From the material below, list every line containing "Blue".

|---|

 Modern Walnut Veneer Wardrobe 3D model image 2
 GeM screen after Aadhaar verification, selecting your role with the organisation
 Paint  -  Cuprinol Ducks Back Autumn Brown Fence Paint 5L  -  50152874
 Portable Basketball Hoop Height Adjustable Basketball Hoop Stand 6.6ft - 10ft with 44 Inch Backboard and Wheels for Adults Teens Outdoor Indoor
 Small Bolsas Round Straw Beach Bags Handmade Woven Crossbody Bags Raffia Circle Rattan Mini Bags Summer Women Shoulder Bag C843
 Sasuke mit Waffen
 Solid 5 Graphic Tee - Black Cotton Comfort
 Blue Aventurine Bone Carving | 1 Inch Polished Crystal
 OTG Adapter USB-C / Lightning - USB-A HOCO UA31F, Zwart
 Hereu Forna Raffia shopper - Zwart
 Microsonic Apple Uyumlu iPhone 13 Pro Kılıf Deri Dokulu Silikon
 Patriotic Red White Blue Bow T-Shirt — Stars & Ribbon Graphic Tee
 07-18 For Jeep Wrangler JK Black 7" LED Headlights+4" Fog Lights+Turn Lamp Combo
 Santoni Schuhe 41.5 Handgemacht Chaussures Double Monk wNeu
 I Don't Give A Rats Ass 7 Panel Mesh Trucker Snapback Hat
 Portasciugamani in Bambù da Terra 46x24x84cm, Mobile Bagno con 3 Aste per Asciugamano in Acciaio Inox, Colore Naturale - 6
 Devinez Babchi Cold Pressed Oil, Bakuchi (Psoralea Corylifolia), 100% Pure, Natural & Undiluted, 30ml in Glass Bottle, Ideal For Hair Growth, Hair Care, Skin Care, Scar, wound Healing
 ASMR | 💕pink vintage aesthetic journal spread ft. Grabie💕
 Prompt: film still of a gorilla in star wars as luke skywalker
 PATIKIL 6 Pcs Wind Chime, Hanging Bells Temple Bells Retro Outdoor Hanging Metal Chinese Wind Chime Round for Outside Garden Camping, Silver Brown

|---|

--- Written response ---
 Blue Aventurine Bone Carving | 1 Inch Polished Crystal
 Patriotic Red White Blue Bow T-Shirt — Stars & Ribbon Graphic Tee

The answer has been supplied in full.